- **DATA RECORDS**
-- Opening Marker --
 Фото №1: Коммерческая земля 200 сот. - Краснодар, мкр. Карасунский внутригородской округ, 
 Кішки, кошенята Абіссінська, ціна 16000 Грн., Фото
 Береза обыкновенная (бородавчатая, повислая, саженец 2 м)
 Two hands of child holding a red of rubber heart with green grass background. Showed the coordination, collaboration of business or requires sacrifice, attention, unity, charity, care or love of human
-- Closing Marker --
-- Opening Marker --
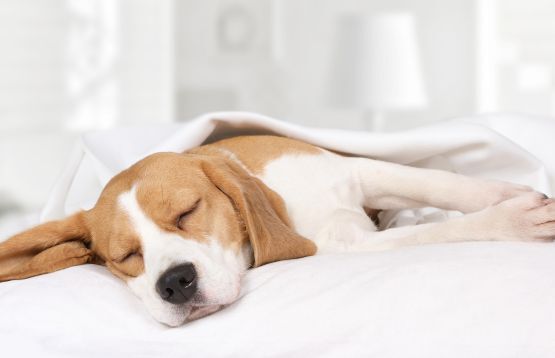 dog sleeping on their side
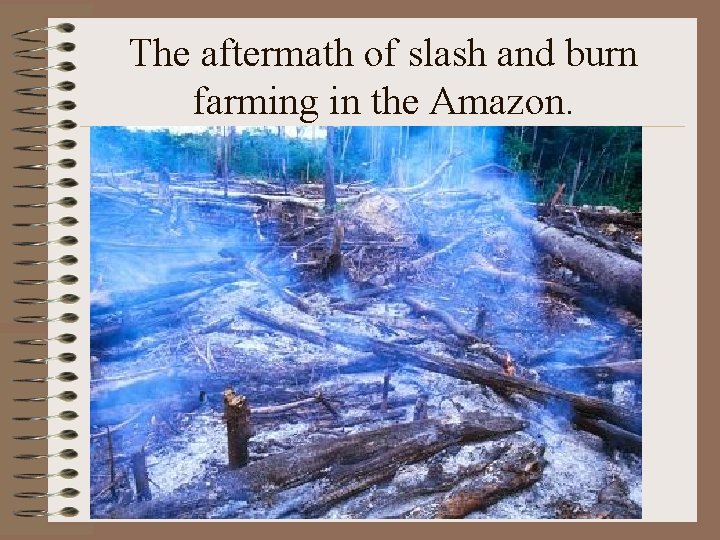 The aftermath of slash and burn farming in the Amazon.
-- Closing Marker --
- **TASK OBJECTIVE**
Go to the line in the material above that contains "Фото №1: Коммерческая" and copy exactly from there through the line that contains "Two hands of", stopping after it.

- **ANSWER TO THE EXERCISE**
 Фото №1: Коммерческая земля 200 сот. - Краснодар, мкр. Карасунский внутригородской округ, 
 Кішки, кошенята Абіссінська, ціна 16000 Грн., Фото
 Береза обыкновенная (бородавчатая, повислая, саженец 2 м)
 Two hands of child holding a red of rubber heart with green grass background. Showed the coordination, collaboration of business or requires sacrifice, attention, unity, charity, care or love of human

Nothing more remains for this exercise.